From KullukaBhaṭṭa’s exposition three things become evident (1) exposition on cosmogony is also exposition on dharma, (2) cosmogony is the highest dharma, and (3) worldly human duties of varṇāśrama are a limb or subset of this highest dharma. Bhatta’s commentary also reveals how cosmogony forms the basis of both nivṛtti dharma and pravṛtti dharma. In the case of nivṛtti dharma, the investigation into the origination of the universe leads to dispassion and self-knowledge leading to final liberation. In the case of pravṛtti dharma, cosmogony provides the context to understand human duties and the place of human beings in the larger scheme of the universe.

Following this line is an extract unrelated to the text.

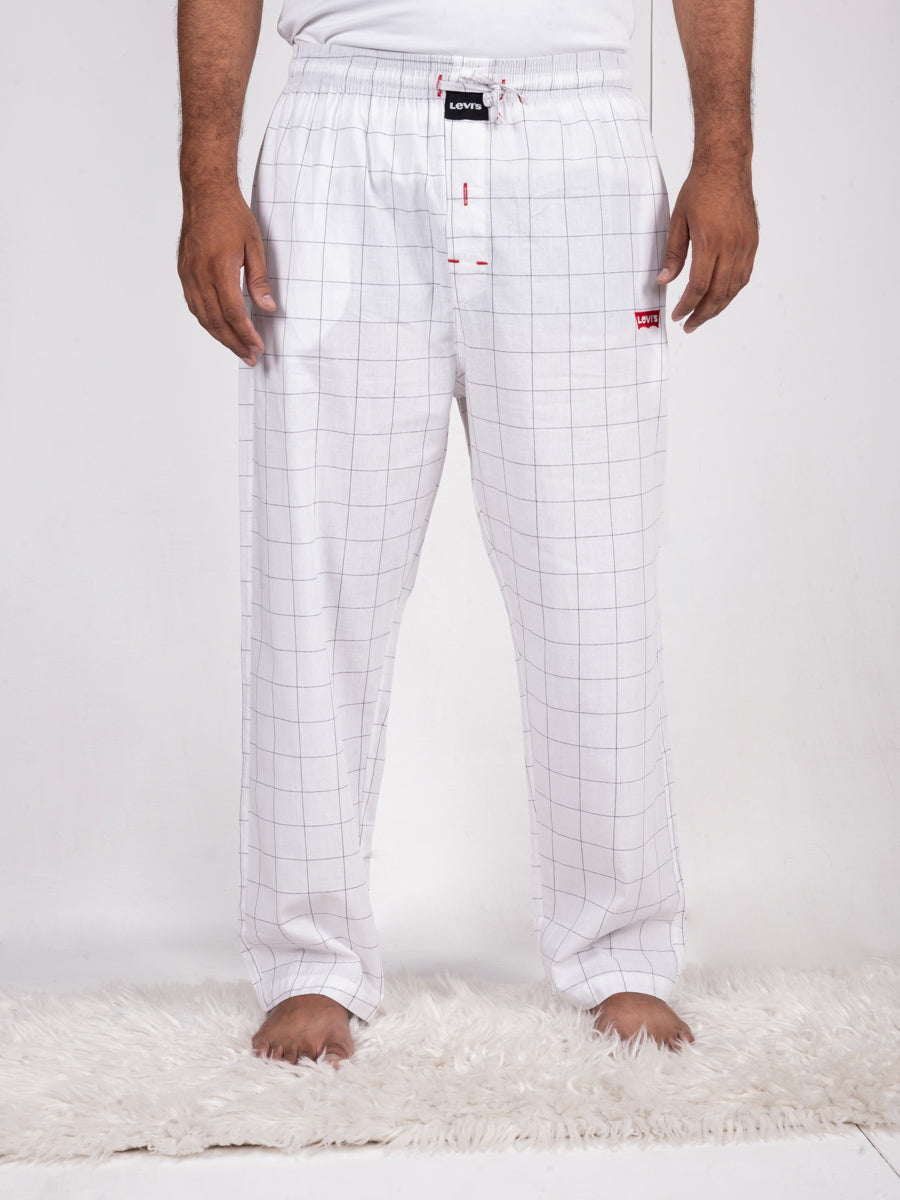 Sapphire Check Comfort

Thus, Manusmṛti teleologically locates dharma as a limb or a subset of spiritual pursuit of mokṣa which also serves as a means to attain mokṣa. A pursuit of pravṛtti-dharma (the dharma of a worldly person) of the nature of varṇāśrama-dharma leads one to purification of the mind (cittaśuddhi) making one competent to pursue nivṛtti-dharma and thereby attain Mokṣa. As Sri Madhavacharya notes in his commentary on Parāśarasmṛti 1.2: “Dharma is the direct means of abhyudaya (happiness and heaven) and dharma by producing tattvajñāna (knowledge of reality) is the cause of mokṣa or niḥśreyasa as well”.Consequently practice of dharma is inevitable for all spiritual paths.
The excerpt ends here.